Tuesday, April 11, 2006

Forensic Economics Meets Pure Apathy

Malcolm Gladwell recently wrote a couple of posts on his blog regarding Barry Bonds and "Game Of Shadows," a book that recounts the history of BALCO, and Bonds' involvement with it.

More generally, Gladwell discusses how sports should react to the deleterious effect of performance-enhancing drugs on the record keeping & seeking aspect of the games. Basically, how should Bonds and his records (single-season and possible all-time Home Run leader) be treated, and beyond that how can we retroactively determine which records should be taken seriously and which should be discounted as drug-induced.

His solution is to employ a variation on forensic economics, examining the relevant numbers within a standard historical context to make determinations about what is to be expected and what is so completely an outlier that it can't be considered to be untainted in some way.
Forensic economics look at large data sets and draw surprisingly sophisticated inferences about behavior and intention. I think we should loose the forensic economists on all record-setters, and require that athletes pass a statistical plausibility test in the wake of their achievements.
Bonds is his most obvious and relevant example, but he discusses FloJo in some detail as well. Both had late career great leaps forward that have and continue to set off all kinds of alarm bells.
Florence Griffiths Joyner, in 1988. Before that year, her best times in the hundred meters and the two hundred meters were, respectively, 10.96 and 21.96. In 1988, at the advanced (for a sprinter) age of 28, a suddenly huskier FloJo ran 10.49 and 21.34, times that no runner since has even come close to equaling. ... any statistical analysis of the career marks of world class sprinters would have told us that marginally world-class 28 year-olds do not, in the absence of some kind of help, suddenly turn into the greatest runners the world has ever seen.
...
Bonds had the second, ninth and tenth greatest offensive seasons in baseball history at the ages of 36, 37, and 39 respectively—and the average age of everyone else on that list (Gehrig, Foxx, Ruth and Hornsby) is 27. No one—no one—turns himself into one of the greatest hitters of all time in his late 30’s. His home run record should have been denied as statistically implausible.
My reaction is that Gladwell's idea is interesting, but hardly necessary. Look, we know Bonds is using, or at least was using, just as we know that Mark McGwire was using back in the late '90s. Hell, you don't even have to look at their records (although that is certainly sufficient to know), you just had to look at them and, you know, pay attention.

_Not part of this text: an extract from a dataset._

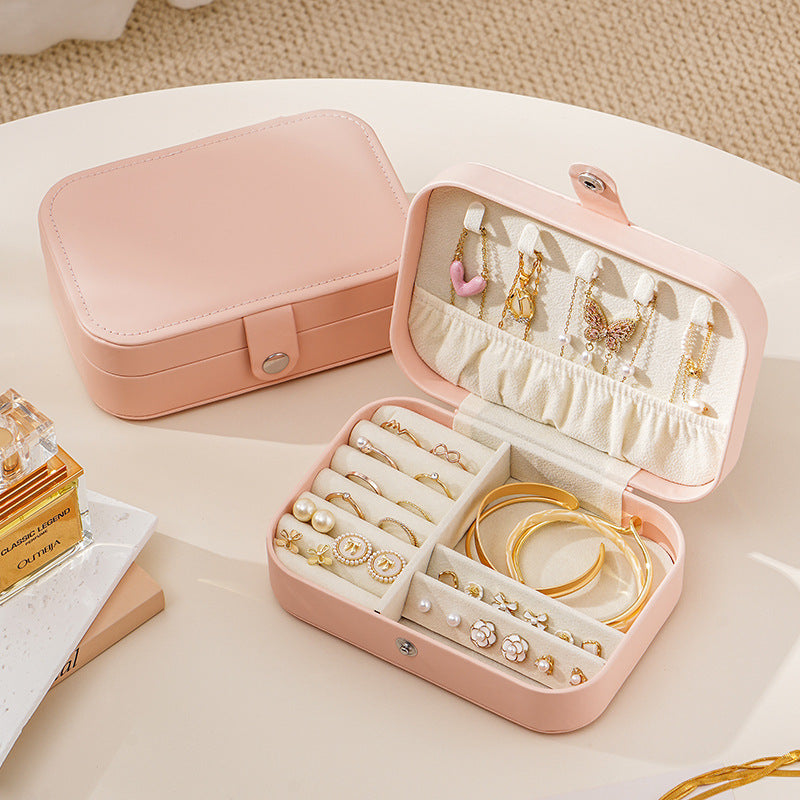 Portable Leather Jewelry Organizer Box｜Elegant Pink Travel Jewelry Case with Compartments for Earrings, Rings & Necklaces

The question is, what are you going to do about it? Forensic economics can confirm, at least to the degree that statistical probability can confirm anything, that someone was using, but does that really offer proof?

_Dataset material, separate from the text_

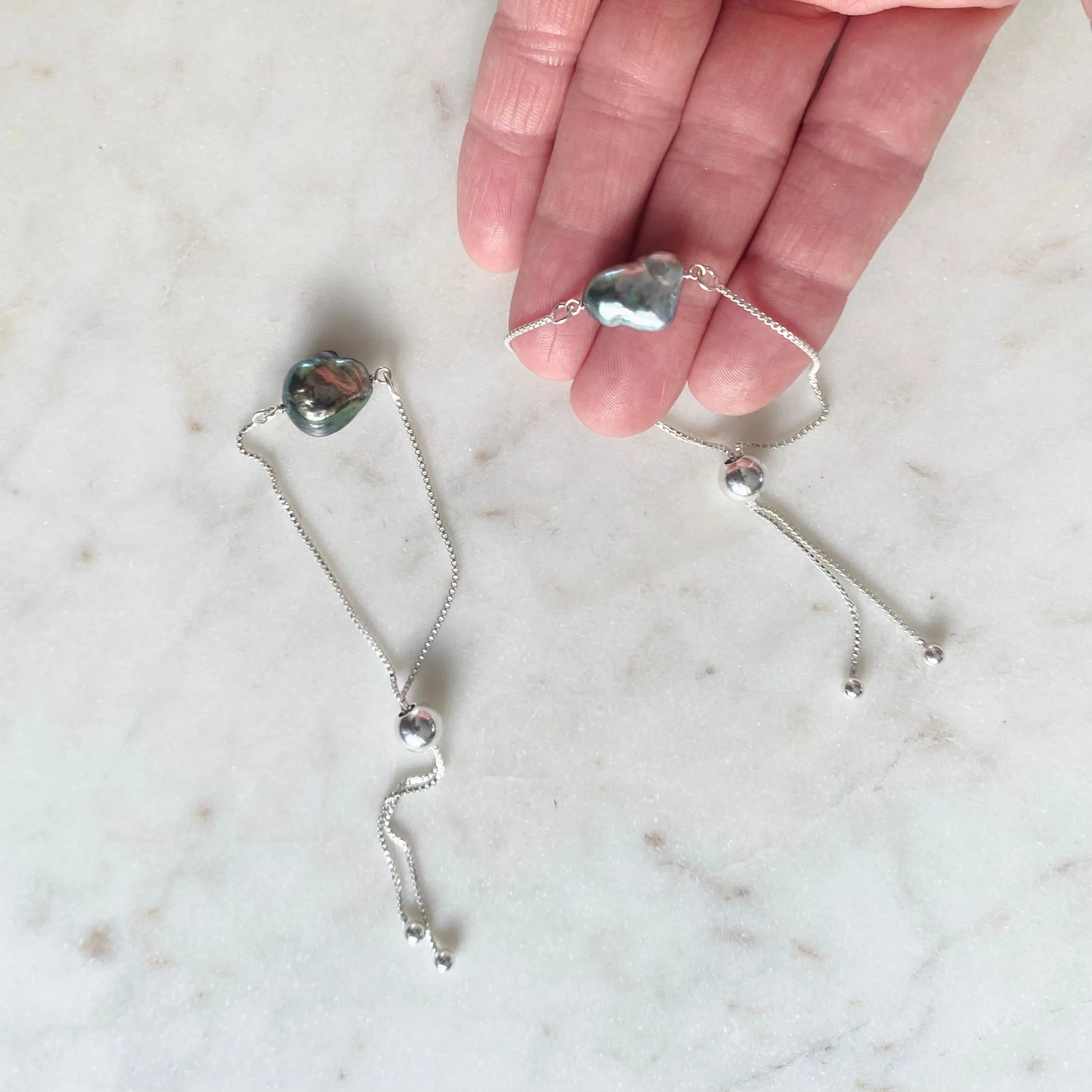 Tahitian Keshi Pearl Silver Adjustable Bracelet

In the end, you're left with two things. The first is context. For me, two of the most remarkable records in sports are Wilt Chamberlain's 1961-62 scoring average of 50.4 points per game, and Pete Maravich's career college scoring average of 44.2. Both are remarkable for the same reason, an outrageously high level of accomplishment over an extended period of time (80 games for Chamberlain, 83 for Maravich). To put it another way, consider a situation where each scored 30 in a particular game. Put up 30 and you've had a decent game in either college or the NBA. Trouble is, to get back to their averages the next night, Maravich would need to hit for 58 -- Chamberlain for 70!

In short, these are ridiculous numbers.

But, once you start putting them into some context, not so ridiculous. Leaving aside the fact of Chamberlain being an athletic anomaly, consider that his team scored 125 points a game that year, and that half the league averaged 120+ ppg. Last year in the NBA only 20% of the teams in the league managed to average 100 ppg. The Phoenix Suns were considered run 'n' gun freaks for averaging 110. Likewise, Maravich's record becomes a little less bizarre when you consider that during the same 3 years that Maravich was playing Calvin Murphy and Dan Issel were also setting scoring records that still stand.

In both cases, the context is that the game was different. A lot less defense, basically. So you can decide for yourself how amazing the records are, considering the context. For myself, they're both still pretty freakin' amazing.

The same goes for McGwire and Bonds. So Bonds may well eventually hold both significant home run records. How much creedence to I give that, given the context of clear evidence of steroid use by Bonds and many others? Not much.

Which leads to the second possible reaction. Ignore it.

Records like this really aren't (or shouldn't be) the point of the exercise. Sports are interesting to me for a lot of reasons, but records aren't one of them. Bill James put it best back in the day, when he said he wouldn't bother crossing the street to see Pete Rose break Ty Cobb's all-time hit record. The hit itself meant nothing. A meaningless single in a meaningless game -- made all the more meaningless by the fact that the only mananger in the National League at that time that would pencil in Pete Rose's name as his starting first basemen was Pete Rose himself.

So in the end I guess that the question of whether or not Barry Bonds was using as he set his records is pretty much moot for me. Do I believe he was using? Absolutely. Do I care? Not so much.